Everyone likes it when they’re right. To some extent, that is impetus driving the sports blogging and fan website phenomenon – people write on the internet because they think they have something to say that no one else is saying.
That sentiment is fine, as long as it is balanced with a dose of humility.
Today that does of humility comes in the form of Steel Curtain Rising’s second annual goofs column (click here to read last year’s edition.)
Inspired by the example established by the legendary Washington Post reporter/columnist David Broder, I now take a look back at a year’s worth of my work and own up to some of my more egregious errors.
The 2009 Steelers Won’t Succumb to Complacency
“Unasked Questions of Camp Tomlin 2009” included this ill-fated observation:
The Steelers may falter in 2009, but don’t bet on compliancy being a cause.
It might be too harsh to condemn the 2009 Steelers for being complacent, but as we observed after the season, they certainly lacked the edge that they enjoyed in 2008.
Tumbling Down the Stairway to Seven
My prognostication skills got no better as the Steelers opened the 2009 regular season.
First I offered this gem:
Curtain’s Call: The Steelers defense can be more dominating.
Maybe of Lawrence Timmons had been more consistent, maybe if Aaron Smith doesn’t go down, maybe if William Gay’s attitude doesn’t get the best of him, maybe if Troy Polamalu doesn’t get hurt.
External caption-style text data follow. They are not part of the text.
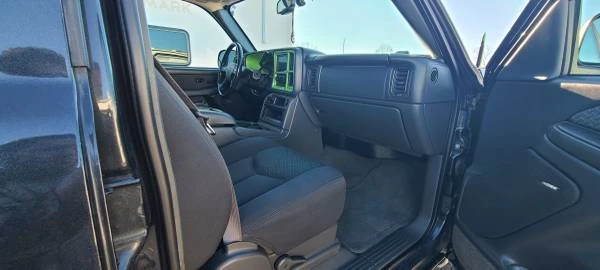 2004 Chevrolet Avalanche - Image 7 of 11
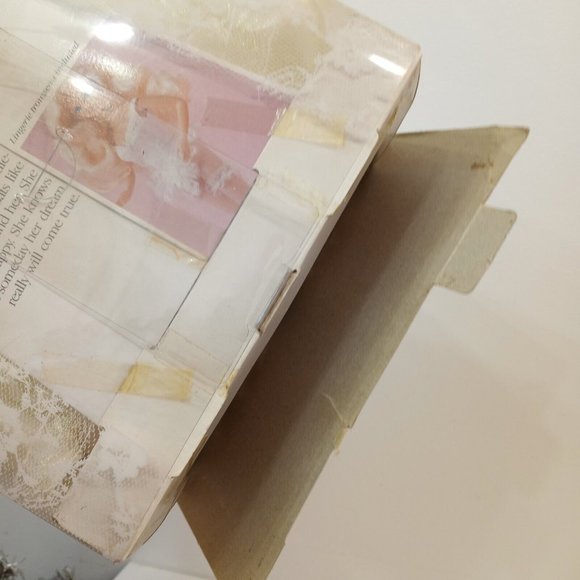 Vintage Sears Fantasy Wedding Barbie Doll In Box. ***READ DESCRIPTION - Picture 9 of 9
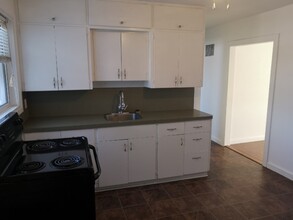 954 Cornwall Crescent in Dawson Creek, BC - Building Photo - Building Photo
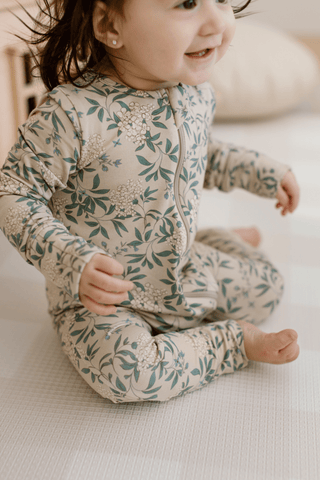 Bamboo Sleeper - Hydrangea (by Solange Pilote)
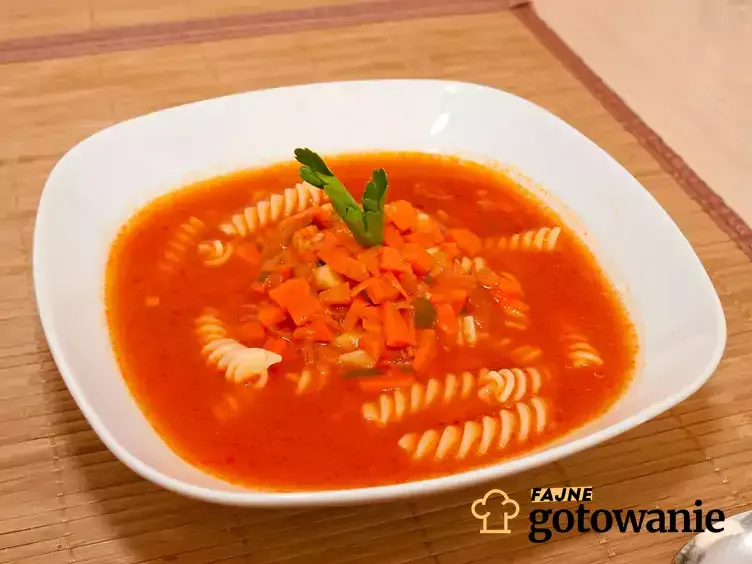 Zdjęcie Ile kalorii ma talerz zupy pomidorowej? Sprawdź, jak wpływa na dietę!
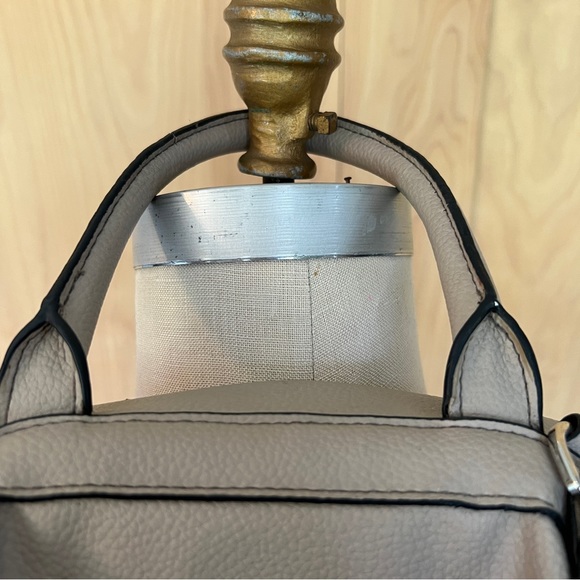 Reaction Kenneth Cole backpack - Picture 3 of 9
Maybe, maybe, maybe… At the end of the day, the 2009 Steelers defense was a shadow of its former self.
Then came this one about special teams:
If Dan Sepulveda’s preseason performance is any indication, the punting unit should be giving the defense significantly longer fields to work with.
As for the kick return unit? Well, if the return magic that Stefan Logan showed in preseason is no mirage, then Steelers fans could be in for something special.
The Steelers special teams were anything but special, and easily cost the team two games and made a few others closer than they should have been.
Finally, I finished with this:
The road to Lombardi Number 7 is long and difficult…
Curtain’s Call:…But Steel Curtain Rising likes our chances!
Need further comment be made?
Age of Youth on the Defensive Line
In the middle of the 2009 season, Steel Curtain Rising hailed the ascension of youth on the Steelers offensive and defensive lines. It turns out the prediction was only half correct.
The Steelers 2010 opening day roster will include a healthy mix of youth and veterans on the offensive line.
That same mix will be absent on the defensive side of the ball, as both Sunny Harris and Doug Worthington got cut in favor of 30 year old veteran Nick Eason.
The Turning Point that Never Was
The Steelers 8th game of 2009 brought them to Denver and in many respects it was their best game of the season. Despite some early hiccups, it seemed like this was the game when the Steelers would finally get it together.
Afterward, I wrote this:
Bruce Arians accomplished something special with his unit. The 180 degree 2nd half turn around was nice, but you expect that from defending Super Bowl Champions. It was the way Arians turned things around – by finding balance. It has been a long, long time since the Steelers have been able to combine precision, vertical passing in the air, with persistent, punishing power rushing on the ground.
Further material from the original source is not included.